C.D.C. Introduces Updated Hospital Standards to Combat Sepsis

In 2012, Rory Staunton, a 12-year-old boy, obtained a scrape during a middle-school basketball game. His gym teacher promptly applied two Band-Aids to the cuts on his arm. However, within a day, Rory’s condition rapidly deteriorated. He experienced a high fever, vomiting, and leg pain. The emergency room staff at NYU Langone Health initially suspected dehydration and administered fluids and anti-nausea medicine. Unfortunately, by Friday, Rory was critically ill, and by Sunday, he tragically passed away due to severe septic shock.

Looking towards the present, Rory’s mother, Orlaith Staunton, is hopeful that change is on the horizon. She believes that fewer tragedies like Rory’s will occur in the future. The Centers for Disease Control and Prevention (CDC) has recently released new guidelines aimed at assisting hospitals in quickly detecting and treating cases of sepsis.

The 35-page document, referred to as a road map, outlines the “core elements” necessary for a hospital sepsis program. Its purpose is to help administrators bring together experts from various medical disciplines to ensure swift detection and treatment of sepsis. Dr. Raymund Dantes, a CDC medical adviser involved in designing the guidelines, explains that they complement clinical guidelines by providing a detailed framework for equipping healthcare workers on the front lines.

Dr. Chris DeRienzo, the chief physician at the American Hospital Association, likened the recommended interdepartmental sepsis group to a well-coordinated NASCAR pit crew. These teams should act rapidly at the first signs of sepsis and resemble other code teams within hospitals.
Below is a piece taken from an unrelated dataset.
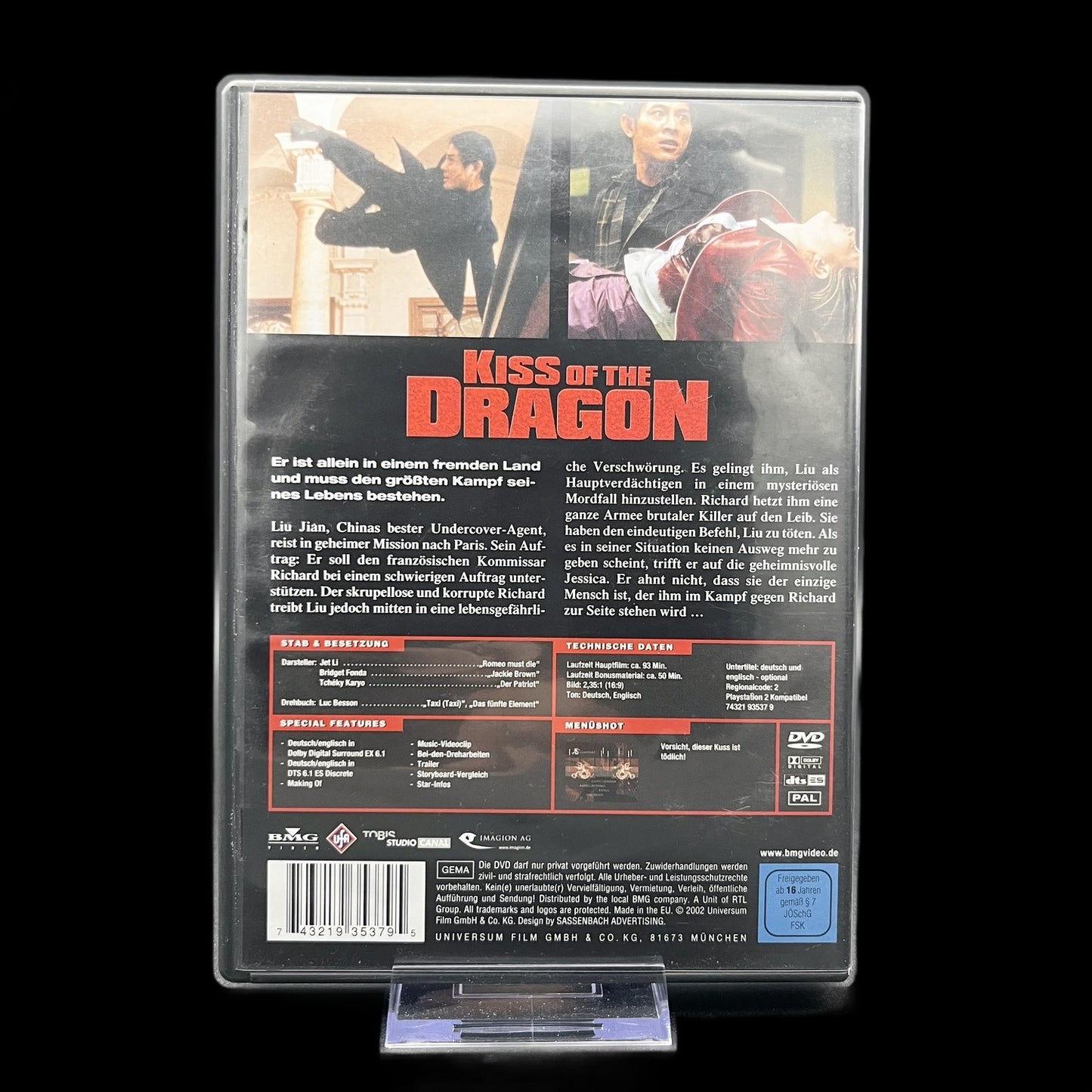 Kiss of the Dragon - Ungekürzte Kinofassung - Action - DVD - Film - Gebraucht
Sepsis, an extreme immune response to an infection, can lead to tissue damage, organ failure, and death. Alarmingly, approximately one in three individuals who die in a hospital had sepsis during their stay. In the United States, around 1.7 million adults develop sepsis annually, resulting in approximately 350,000 deaths or transfers to hospice care.
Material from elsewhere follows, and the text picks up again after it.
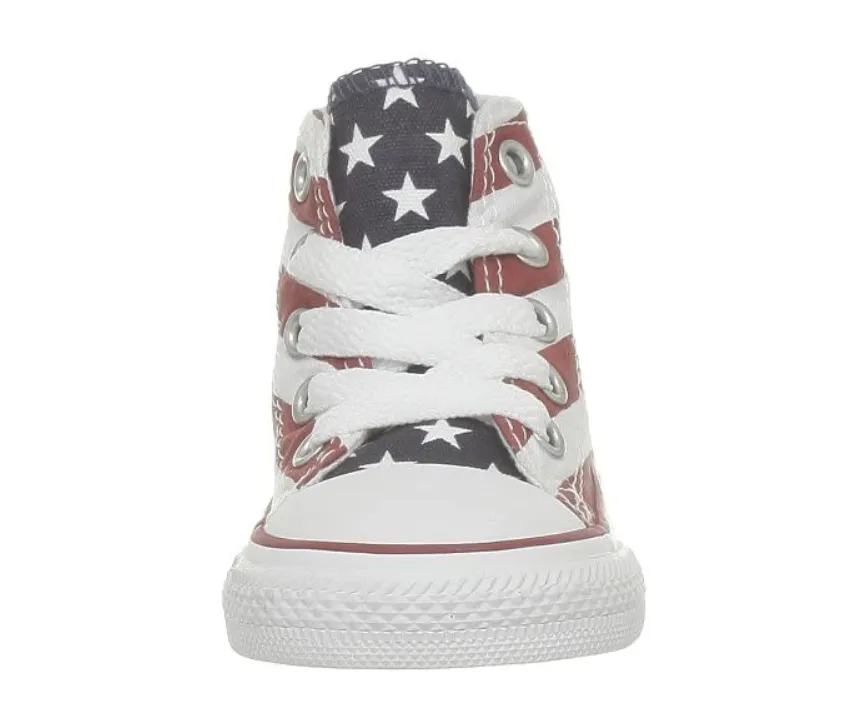 Converse Infant All Star HI 7J254 stars & bars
Despite its prevalence, sepsis is often misdiagnosed by hospitals due to its symptoms resembling common ailments. As Dr. Hallie Prescott, a sepsis expert at the University of Michigan, explains, symptoms such as fevers, shivering, clamminess, and shortness of breath mask the illness. Additionally, detecting and managing sepsis requires coordination across departments and disciplines, which is often lacking in many healthcare settings.
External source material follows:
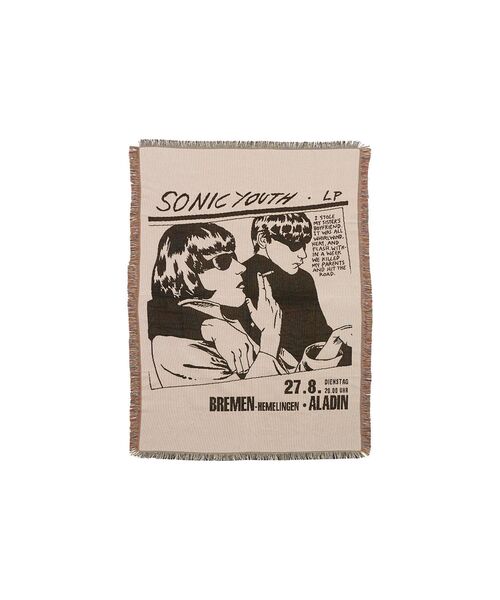 HYSTERIC GLAMOUR（ヒステリックグラマー） ブランケット SONIC YOUTH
A recent survey conducted by the CDC revealed that approximately 73% of hospitals have sepsis teams, but only 55% have designated leaders to manage these programs. Moreover, only half of hospitals integrate their sepsis programs with antibiotic stewardship initiatives, despite the crucial role antibiotics play in recovery.

The CDC’s guidance delves into best practices for implementing sepsis programs in various hospital settings, including large systems and small rural facilities. It covers personnel allocation, financial resource management, process improvement for case identification, and staff training to recognize symptoms. For optimal results, the agency recommends including experts from departments such as antimicrobial stewardship, the emergency room, infectious disease, and pharmacy. It is crucial for a doctor and nurse to jointly lead these programs.

Every hospital should establish a well-rehearsed “code sepsis” protocol and employ a live dashboard to track metrics related to case management and outcomes. Dr. DeRienzo advises hospital administrators to view the CDC’s road map as scaffolding upon which to build a tailored program that suits their local context.

To aid implementation, the CDC offers a detailed assessment tool that can be applied to specific settings. Additionally, the agency provides a list of initial steps for the 1,400 hospitals in the United States that need to develop sepsis programs from scratch.

While Rory’s mother acknowledges that the federal guidance falls short of the state regulations they championed after Rory’s death, she remains hopeful. In 2013, New York became the first state to require all hospitals to adopt sepsis protocols, known as “Rory’s regulations.” She believes that the new CDC guidelines, for which she advocated for years, won’t be overlooked by hospital administrators.

Ms. Staunton reflects, “It’s too late for Rory,” but emphasizes that there is hope for the millions of individuals predicted to die of sepsis in the next decade. She mourns the experiences her son never had, such as graduating high school, attending college, or having a girlfriend. If the CDC guidelines had been in place eleven years ago when Rory was in a major New York City hospital, perhaps his fate would have been different.